=== Begin Enclosure ===

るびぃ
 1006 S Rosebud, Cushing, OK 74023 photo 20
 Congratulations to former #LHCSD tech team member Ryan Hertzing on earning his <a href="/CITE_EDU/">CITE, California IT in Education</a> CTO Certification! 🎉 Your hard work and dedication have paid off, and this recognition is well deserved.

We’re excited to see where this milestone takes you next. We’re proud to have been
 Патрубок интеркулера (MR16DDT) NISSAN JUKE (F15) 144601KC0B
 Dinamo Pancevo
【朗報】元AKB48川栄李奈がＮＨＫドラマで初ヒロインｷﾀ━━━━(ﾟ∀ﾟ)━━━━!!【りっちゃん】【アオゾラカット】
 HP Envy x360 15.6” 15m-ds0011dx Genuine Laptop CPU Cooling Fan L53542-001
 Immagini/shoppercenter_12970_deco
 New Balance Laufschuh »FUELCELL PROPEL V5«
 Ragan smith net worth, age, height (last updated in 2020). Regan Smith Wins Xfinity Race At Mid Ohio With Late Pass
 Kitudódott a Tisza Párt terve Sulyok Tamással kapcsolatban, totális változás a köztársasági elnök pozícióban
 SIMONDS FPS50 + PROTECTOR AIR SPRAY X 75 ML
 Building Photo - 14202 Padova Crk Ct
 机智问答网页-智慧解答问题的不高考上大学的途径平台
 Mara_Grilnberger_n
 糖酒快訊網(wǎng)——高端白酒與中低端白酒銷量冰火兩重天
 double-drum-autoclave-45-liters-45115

=== End Enclosure ===

# Task requirements:
To answer, copy each line from the material above that has the word "have".

# Exercise result:
 Congratulations to former #LHCSD tech team member Ryan Hertzing on earning his <a href="/CITE_EDU/">CITE, California IT in Education</a> CTO Certification! 🎉 Your hard work and dedication have paid off, and this recognition is well deserved.
We’re excited to see where this milestone takes you next. We’re proud to have been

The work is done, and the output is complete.